Quilts from Sweet Jane: Easy Quilt Patterns Using Precuts
By Sue Pfau
Layer cakes, jelly rolls, and candy are not only delicious treats; they are names of pre-cut fabrics for quilting. Pre-cuts are a great way for beginners to get started. The library has lots of quilt books with patterns designed for precuts. Quilts from Sweet Jane by Sue Pfau features 10 fun, easy-peasy quilt patterns that can be pieced in a weekend. Charm School—18 Quilts from 5″ Squares: A Beginner’s Guide by Vanessa Goertzen is also a great book that features fun projects made from precut squares. If bigger blocks are your thing, sample Easy layer-cake quilts 2: more simple quilts from 10″ squares by Barbara Groves, which features quilts that are made from larger pieces and will work up pretty quickly. If you don’t have pre-cuts, you can cut your own 5” or 10” squares out of scraps.

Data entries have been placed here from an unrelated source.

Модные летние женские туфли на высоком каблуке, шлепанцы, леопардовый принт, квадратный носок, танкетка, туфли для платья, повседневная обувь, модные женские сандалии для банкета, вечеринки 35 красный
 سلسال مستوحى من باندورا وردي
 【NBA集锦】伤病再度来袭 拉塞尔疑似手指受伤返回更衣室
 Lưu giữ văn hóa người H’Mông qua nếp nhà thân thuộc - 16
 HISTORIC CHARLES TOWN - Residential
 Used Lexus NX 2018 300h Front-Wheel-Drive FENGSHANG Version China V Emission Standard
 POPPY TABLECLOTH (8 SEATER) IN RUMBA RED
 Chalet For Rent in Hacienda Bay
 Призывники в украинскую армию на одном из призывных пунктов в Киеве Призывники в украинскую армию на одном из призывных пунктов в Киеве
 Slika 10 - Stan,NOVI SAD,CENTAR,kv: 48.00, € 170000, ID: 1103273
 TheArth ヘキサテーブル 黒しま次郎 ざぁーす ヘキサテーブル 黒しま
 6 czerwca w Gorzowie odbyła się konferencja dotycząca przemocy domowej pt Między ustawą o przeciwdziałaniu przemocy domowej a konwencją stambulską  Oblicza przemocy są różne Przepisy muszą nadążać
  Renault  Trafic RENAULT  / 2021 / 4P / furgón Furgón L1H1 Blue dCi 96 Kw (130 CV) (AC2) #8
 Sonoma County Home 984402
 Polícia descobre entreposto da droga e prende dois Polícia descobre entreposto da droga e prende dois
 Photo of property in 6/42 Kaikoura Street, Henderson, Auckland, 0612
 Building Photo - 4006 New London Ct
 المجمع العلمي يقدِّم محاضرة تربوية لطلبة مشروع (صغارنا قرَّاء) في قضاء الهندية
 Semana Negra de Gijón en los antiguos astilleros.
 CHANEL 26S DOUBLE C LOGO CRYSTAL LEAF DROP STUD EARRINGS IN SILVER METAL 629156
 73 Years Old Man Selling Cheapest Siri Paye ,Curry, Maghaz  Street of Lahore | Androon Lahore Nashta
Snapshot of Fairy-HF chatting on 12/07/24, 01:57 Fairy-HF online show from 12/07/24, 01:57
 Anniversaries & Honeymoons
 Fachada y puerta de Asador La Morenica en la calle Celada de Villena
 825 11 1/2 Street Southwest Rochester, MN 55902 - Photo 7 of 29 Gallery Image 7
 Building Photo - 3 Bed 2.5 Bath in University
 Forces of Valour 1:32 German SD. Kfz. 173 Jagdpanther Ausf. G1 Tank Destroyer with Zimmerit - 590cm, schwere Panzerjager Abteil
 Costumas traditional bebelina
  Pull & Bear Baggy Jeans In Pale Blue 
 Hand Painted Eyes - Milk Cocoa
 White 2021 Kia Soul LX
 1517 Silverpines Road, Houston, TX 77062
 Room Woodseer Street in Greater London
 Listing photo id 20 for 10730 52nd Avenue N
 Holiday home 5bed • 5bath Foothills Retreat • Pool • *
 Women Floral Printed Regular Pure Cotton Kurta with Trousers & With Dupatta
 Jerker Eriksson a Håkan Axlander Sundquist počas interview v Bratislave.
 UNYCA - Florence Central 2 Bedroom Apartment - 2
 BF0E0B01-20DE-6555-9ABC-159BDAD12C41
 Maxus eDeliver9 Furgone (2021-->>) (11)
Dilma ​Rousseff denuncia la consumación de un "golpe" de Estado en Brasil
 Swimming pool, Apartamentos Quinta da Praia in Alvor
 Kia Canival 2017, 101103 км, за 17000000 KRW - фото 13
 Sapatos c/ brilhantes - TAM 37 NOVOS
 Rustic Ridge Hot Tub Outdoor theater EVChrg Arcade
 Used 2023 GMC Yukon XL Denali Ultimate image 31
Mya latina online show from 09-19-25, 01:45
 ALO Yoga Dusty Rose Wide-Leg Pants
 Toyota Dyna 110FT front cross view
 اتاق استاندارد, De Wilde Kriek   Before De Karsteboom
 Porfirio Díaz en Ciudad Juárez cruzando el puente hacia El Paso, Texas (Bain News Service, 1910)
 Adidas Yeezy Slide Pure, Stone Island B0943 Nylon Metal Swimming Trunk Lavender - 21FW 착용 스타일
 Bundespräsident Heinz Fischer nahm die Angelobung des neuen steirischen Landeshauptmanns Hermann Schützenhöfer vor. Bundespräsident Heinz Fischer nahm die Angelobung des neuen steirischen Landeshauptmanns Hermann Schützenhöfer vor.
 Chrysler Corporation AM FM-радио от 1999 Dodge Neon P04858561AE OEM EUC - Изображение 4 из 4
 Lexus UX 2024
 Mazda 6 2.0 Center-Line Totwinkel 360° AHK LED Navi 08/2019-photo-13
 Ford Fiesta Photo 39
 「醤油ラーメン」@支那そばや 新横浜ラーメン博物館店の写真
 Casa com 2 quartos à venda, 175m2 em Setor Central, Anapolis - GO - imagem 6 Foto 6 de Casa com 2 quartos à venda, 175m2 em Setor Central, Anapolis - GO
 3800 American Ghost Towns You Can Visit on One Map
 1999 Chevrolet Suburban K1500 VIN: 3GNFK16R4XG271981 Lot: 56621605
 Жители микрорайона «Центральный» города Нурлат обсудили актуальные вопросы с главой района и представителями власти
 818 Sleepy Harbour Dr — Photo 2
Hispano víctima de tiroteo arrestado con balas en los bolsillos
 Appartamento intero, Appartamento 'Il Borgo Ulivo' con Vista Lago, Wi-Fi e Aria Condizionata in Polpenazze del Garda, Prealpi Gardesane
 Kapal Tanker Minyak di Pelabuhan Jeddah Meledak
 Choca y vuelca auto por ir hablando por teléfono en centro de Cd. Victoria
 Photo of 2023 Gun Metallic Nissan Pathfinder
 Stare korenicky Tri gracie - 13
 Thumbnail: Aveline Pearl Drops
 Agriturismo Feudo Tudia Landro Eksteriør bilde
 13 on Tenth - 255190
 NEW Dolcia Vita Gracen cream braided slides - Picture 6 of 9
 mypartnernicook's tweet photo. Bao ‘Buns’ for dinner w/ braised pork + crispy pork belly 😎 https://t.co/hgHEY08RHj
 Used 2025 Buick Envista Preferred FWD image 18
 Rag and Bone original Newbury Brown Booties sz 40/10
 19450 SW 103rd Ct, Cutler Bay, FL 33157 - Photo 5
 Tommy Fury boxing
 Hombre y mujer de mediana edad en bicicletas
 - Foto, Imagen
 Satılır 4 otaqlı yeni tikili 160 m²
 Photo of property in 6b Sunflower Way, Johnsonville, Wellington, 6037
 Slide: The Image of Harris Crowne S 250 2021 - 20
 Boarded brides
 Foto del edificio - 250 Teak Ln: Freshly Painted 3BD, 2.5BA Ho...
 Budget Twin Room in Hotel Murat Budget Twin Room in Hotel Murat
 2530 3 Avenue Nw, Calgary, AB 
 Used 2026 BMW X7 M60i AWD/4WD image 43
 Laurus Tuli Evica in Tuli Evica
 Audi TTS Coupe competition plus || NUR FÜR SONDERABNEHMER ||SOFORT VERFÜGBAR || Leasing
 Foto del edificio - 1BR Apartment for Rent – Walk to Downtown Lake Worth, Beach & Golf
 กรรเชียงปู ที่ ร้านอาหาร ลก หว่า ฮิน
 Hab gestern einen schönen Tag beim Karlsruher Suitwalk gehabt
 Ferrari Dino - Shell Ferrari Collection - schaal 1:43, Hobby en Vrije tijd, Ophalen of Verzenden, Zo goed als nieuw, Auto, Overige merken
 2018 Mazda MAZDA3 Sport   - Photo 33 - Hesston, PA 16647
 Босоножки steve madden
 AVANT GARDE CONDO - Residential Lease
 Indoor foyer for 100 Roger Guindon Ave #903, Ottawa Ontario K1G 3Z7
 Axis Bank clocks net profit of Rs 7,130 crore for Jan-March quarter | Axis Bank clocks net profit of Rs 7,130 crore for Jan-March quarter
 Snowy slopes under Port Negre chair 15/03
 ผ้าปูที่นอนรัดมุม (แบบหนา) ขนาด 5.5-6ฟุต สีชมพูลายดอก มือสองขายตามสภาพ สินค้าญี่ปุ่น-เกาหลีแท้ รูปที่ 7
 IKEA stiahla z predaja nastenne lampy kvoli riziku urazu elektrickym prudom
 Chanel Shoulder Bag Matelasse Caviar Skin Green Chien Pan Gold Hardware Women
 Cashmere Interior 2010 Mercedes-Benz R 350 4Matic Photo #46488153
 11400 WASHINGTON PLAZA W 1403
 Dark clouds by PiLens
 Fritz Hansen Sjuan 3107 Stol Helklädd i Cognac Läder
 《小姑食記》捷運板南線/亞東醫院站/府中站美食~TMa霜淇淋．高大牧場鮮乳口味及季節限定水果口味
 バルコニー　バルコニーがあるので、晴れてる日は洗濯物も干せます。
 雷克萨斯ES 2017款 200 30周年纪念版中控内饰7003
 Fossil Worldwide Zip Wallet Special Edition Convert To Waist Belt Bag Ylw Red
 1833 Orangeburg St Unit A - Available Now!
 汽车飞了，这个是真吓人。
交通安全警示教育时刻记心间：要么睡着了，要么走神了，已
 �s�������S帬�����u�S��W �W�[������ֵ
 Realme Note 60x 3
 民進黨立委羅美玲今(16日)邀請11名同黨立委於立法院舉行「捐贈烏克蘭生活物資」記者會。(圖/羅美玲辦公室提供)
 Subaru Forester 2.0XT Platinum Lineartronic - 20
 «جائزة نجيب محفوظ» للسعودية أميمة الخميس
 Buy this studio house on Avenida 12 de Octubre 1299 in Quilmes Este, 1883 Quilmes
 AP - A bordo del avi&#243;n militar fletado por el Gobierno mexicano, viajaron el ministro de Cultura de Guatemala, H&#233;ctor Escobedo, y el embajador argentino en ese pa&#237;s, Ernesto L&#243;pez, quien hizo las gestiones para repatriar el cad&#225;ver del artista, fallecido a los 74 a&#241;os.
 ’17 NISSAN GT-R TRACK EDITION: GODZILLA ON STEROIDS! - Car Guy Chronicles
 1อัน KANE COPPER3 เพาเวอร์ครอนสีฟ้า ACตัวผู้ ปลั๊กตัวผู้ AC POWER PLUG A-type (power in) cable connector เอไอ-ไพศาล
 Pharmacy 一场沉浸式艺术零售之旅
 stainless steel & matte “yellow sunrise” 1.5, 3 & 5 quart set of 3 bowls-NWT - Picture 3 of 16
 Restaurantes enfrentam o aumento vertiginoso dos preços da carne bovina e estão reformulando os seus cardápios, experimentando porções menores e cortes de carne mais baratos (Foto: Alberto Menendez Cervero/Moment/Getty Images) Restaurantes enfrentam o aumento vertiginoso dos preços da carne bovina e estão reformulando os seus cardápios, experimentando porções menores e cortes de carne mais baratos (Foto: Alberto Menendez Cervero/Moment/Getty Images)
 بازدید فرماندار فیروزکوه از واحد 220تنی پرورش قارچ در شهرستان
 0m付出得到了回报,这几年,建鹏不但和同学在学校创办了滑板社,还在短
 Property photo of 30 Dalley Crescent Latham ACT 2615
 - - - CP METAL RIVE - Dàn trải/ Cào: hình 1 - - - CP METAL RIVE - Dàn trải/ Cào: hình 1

Moda All-Stars Cakewalk: A Carnival of Quilts That Begin with 10″ Layer Cake Squares
By Lissa Alexander
This quilting book offers patterns from 13 quilt designers, all beginning with 10” squares. The patterns are clearly written and offer a nice range of styles and levels of difficulty. Lissa Alexander has curated several books in this same style for quilt designs starting with other sizes of precut fabrics as well as scraps. They are all highly recommended.
If you aren’t ready to tackle a throw or a baby blanket, consider making some cute hot pads, trivets, or coasters out of your blocks. Check out the 746.6 area of the library for lots of cute ideas. If you need access to a sewing machine, check out the Makerspace in the south basement of the library. The helpful staff can get you started. It is so fun to make something that is uniquely yours. Once you get started you won’t want to stop.